Metaprogramming for madmen

This post is part of the series “Debris: Opening the box“.

Okay, previous posts from this series aimed to actually convey useful technical information: assuming you actually want to write say a mesh generator, there’s definitely useful bits there.

This is not one of these posts. In fact, this is about what is pretty much the complete opposite: an insane ploy that, against all odds, actually kinda worked, then spectacularly backfired. We knew ahead of time this was gonna happen, but we were desperate. I don’t think there’s anything of any use we actually learned from the whole thing – but it makes for a cool story (in a very nerdy way), so why not? Consider it a (seasonally appropriate!) easter egg.

The setting

This is recounting a true story that took place in late March and early April 2004 – a bit less than 2 weeks before Breakpoint 2004, where we planned to release our 96k first-person shooter “.kkrieger”. While being a nice technical challenge, it was a complete failure as far as the game side was concerned (mostly because no-one involved really deeply cared about that aspect).
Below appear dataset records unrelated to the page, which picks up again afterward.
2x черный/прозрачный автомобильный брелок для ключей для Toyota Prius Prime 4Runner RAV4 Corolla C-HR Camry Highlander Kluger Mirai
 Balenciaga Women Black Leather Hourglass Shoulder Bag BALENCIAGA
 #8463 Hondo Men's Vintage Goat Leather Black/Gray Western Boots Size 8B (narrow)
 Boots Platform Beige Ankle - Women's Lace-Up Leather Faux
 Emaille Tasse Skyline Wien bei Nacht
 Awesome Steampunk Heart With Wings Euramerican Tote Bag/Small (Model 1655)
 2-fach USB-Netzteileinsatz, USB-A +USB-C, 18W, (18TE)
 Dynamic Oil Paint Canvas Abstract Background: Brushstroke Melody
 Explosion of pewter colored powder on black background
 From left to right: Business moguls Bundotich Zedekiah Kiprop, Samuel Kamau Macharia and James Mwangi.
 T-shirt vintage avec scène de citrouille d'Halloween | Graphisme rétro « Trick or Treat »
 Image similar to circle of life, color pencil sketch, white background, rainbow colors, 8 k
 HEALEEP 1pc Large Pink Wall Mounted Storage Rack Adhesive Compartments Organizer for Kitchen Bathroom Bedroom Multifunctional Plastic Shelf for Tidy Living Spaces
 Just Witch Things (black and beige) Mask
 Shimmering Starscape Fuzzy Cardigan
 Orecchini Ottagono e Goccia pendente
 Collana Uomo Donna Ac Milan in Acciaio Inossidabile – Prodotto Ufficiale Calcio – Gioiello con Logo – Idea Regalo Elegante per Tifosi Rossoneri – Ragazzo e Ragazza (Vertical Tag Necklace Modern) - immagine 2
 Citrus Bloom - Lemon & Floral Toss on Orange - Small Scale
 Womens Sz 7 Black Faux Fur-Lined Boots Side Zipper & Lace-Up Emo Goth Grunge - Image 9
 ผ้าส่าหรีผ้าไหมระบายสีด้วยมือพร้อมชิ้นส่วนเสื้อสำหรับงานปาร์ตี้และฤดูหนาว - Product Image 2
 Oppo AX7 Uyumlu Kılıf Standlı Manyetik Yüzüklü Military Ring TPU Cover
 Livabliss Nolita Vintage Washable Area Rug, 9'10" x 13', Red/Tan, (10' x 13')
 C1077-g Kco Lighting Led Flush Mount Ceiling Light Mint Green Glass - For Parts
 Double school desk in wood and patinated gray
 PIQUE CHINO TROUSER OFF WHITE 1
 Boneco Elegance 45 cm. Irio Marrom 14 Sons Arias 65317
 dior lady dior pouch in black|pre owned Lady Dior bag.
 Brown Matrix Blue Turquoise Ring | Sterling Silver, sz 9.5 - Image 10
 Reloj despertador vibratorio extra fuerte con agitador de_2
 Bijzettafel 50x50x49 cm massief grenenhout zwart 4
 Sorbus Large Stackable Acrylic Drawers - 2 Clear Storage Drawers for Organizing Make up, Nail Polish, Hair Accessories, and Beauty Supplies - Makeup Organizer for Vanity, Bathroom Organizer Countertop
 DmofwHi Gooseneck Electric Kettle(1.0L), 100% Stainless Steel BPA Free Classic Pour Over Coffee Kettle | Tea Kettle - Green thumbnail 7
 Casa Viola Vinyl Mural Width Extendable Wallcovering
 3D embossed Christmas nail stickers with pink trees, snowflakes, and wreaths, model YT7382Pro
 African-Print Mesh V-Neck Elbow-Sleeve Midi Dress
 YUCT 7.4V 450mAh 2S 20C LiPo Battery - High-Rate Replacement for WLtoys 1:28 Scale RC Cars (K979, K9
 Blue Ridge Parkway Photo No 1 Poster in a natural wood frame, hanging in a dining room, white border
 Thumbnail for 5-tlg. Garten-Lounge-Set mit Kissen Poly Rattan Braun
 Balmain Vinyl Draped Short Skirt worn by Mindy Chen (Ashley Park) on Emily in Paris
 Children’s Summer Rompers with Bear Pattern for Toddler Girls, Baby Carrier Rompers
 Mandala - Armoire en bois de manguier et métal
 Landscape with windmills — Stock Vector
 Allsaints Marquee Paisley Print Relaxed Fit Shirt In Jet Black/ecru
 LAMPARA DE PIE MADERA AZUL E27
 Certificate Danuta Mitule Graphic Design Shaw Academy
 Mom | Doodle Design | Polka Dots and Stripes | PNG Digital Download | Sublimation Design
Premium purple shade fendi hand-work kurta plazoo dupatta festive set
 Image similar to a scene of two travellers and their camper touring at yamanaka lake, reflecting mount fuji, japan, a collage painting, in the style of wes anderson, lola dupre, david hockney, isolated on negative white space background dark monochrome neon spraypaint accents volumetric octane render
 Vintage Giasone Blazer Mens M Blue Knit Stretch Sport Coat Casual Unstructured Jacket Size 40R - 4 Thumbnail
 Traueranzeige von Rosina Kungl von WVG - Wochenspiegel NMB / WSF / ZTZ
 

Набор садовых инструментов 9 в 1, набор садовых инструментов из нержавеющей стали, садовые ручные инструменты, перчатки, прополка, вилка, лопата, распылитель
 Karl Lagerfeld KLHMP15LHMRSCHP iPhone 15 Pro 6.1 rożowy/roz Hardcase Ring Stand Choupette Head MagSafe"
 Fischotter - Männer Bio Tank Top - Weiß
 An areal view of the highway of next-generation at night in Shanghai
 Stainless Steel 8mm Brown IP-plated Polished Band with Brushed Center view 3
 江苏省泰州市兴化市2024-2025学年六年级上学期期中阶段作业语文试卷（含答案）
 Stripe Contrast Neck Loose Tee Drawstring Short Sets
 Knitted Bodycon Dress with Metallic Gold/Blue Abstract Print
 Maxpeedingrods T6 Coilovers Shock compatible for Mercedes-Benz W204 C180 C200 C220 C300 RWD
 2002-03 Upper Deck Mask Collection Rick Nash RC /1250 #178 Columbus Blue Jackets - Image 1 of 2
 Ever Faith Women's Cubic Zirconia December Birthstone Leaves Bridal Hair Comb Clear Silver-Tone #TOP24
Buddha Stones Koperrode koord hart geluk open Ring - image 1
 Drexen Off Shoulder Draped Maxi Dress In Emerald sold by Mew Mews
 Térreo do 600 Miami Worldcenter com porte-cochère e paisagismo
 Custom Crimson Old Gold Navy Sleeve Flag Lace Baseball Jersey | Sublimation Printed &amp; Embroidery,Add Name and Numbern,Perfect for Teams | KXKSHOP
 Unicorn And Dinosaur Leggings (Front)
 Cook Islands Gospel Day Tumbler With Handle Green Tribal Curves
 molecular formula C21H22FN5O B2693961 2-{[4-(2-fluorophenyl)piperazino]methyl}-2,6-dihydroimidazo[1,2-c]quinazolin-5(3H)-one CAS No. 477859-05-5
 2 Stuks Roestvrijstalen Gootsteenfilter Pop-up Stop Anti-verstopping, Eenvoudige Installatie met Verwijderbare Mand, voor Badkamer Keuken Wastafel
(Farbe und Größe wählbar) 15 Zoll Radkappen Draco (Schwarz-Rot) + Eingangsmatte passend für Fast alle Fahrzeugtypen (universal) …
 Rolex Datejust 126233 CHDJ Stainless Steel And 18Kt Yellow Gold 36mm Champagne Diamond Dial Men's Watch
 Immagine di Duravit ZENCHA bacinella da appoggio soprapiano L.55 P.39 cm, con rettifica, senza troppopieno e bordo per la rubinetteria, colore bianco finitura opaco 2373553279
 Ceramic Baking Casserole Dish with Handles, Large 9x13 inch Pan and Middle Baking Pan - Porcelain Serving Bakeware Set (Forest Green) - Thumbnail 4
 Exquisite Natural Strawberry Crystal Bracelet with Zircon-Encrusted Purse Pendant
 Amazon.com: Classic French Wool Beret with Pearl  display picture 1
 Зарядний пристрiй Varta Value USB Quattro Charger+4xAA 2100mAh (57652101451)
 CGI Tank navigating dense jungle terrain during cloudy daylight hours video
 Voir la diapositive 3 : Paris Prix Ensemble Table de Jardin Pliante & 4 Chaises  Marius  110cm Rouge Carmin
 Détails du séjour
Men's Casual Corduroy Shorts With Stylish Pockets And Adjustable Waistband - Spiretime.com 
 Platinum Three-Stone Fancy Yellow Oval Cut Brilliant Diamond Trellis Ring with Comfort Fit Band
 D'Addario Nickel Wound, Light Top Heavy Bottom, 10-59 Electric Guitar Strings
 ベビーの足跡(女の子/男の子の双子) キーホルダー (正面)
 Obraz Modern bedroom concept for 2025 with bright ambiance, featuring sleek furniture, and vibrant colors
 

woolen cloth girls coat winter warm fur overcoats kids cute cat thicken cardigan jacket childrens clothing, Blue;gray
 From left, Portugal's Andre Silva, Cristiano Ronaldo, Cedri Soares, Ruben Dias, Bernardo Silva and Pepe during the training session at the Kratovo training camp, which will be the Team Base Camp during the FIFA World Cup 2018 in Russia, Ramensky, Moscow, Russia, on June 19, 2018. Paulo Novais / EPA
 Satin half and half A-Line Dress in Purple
That’s not what this post is about though – the point is that we very nearly missed the 96k limit too.

The way any self-respecting 4k intro, 64k intro or other size-limited program starts out is, well, too large. I haven’t done enough 4ks to give you an order of magnitude estimate, but most of our serious 64ks were somewhere around 70-80k a few weeks before they were supposed to be released. The last 2 weeks usually ended up turning into a frenetic rush to simultaneously get the thing actually finished (put all the content in etc.) and make it fit within the size limit. Doing either of those is a real challenge by itself. Doing both at once is both extremely stressful and mentally exhausting, and by the end of it, you’re basically in need of a vacation.

Anyway, there’s (broadly speaking) 3 different steps to making sure you get small code:

Architecture. Basically, design the code in a way that enables it to be small. Know exactly what goes into it, keep it modular, and make sure the algorithms are appropriate. Store data in the right way, and work with your back-end packer, not against it. All of this is pretty much over 2 weeks before release though – if you didn’t get that part right early enough, you’re not gonna be able to fix it in time.
Evicting ballast. There’s gonna be whole paths of code that are just not getting used. If your data doesn’t have a single torus in it, there’s no point including the code that generates it – and if there’s just one torus, you can maybe replace it with something else in the art. You get the idea. This step is fairly easy provided you have at least rudimentary stats on your content, and it yields big wins in short time (in a 64k context, usually several kilobytes for less than an hour of work).
Detail work. This is where it gets messy. It basically boils down to dumping stats about all of the functions in the code, figuring out which are larger than they should be and what you can do to make them smaller. Lots of staring at disassembly listings trying to find out where the compiler is generating big code and why. Also lots of time staring at the content and figuring out if there’s some shortcuts you can take to make this particular intro smaller. This is where you start switching to a different branch (or at the very least wrap all of your changes in #ifdef) because you’re going to introduce bugs and by the end of it, parts of the code are gonna be ruined. It’s also slow work – by the point the initial easy targets are down, and assuming there’s nothing else to do, I can get 32-bit x86 code (in a 64k intro context) smaller at a rate of about 300-400 bytes per day, tops.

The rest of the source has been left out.